Under the hood, it would basically be a crawler, and the deliverable would be a zip file containing a 1-to-1, static copy of their website with all URLs still working. I suspect most folks here could whip up a shitty proof of concept in 48 hours.

If someone does this, email me! I have a couple of potential clients for you (I'm a former consultant, with lots of WordPress sites in my history).

3 comments

You can get pretty close to this, I think with:

    wget --mirror --convert-links http://site.example.com/
From the wget manual:

    --convert-links
           After the download is complete, convert the links in the document
           to make them suitable for local viewing.  This affects not only the
           visible hyperlinks, but any part of the document that links to
           external content, such as embedded images, links to style sheets,
           hyperlinks to non-HTML content, etc.

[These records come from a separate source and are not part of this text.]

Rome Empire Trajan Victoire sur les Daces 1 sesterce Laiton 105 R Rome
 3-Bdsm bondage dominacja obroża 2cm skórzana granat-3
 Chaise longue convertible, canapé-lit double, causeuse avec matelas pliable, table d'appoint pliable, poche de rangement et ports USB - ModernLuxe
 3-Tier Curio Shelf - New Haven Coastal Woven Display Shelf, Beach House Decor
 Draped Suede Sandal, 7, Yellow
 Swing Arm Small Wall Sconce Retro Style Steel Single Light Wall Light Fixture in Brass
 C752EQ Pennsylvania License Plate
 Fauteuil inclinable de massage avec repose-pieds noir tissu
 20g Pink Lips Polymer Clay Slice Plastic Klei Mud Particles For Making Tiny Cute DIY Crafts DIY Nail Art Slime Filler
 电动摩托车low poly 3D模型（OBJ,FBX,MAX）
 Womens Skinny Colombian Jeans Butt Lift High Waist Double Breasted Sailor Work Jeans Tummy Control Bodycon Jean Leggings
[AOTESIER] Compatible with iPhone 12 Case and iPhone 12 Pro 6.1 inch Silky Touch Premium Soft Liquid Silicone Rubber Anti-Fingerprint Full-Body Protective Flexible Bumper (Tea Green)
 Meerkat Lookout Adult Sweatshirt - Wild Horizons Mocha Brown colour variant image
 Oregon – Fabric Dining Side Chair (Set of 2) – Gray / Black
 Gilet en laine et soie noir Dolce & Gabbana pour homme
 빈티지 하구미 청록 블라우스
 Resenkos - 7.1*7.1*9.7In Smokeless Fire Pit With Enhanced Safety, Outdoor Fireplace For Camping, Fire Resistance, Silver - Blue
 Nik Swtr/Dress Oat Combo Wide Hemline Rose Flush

           The links to files that have been downloaded by Wget will be
           changed to refer to the file they point to as a relative link.

           Example: if the downloaded file /foo/doc.html links to
           /bar/img.gif, also downloaded, then the link in doc.html will
           be modified to point to ../bar/img.gif.  This kind of
           transformation works reliably for arbitrary combinations of
           directories.
This is already a product that exists many times over. Besides the aforementioned wget, I've recommended less technical users to SiteSucker, a Mac/iOS app.

I'd be happy to bill your clients to do it for them though!

Here's the thing: they don't want to run SiteSucker. That's only slightly more helpful than telling them to just run wget!

They want to write a check and get back to business, not become a web developer!

(I think that tool is awesome though, and I appreciate the tip!)

That's basically what the wayback machine does: https://archive.org/web/
Yes! It would be like the Wayback machine as a service, but with some key differences:

1) The intention is that you replace your dynamic site with the static copy, but your visitors are none the wiser. All URLs are the same, as well as the content returned. Might require some .htaccess trickery.

2) It would have to preserve all the images, css, and other assets, some possibly hotlinked. (The Wayback Machine is not awesome at this, understandably)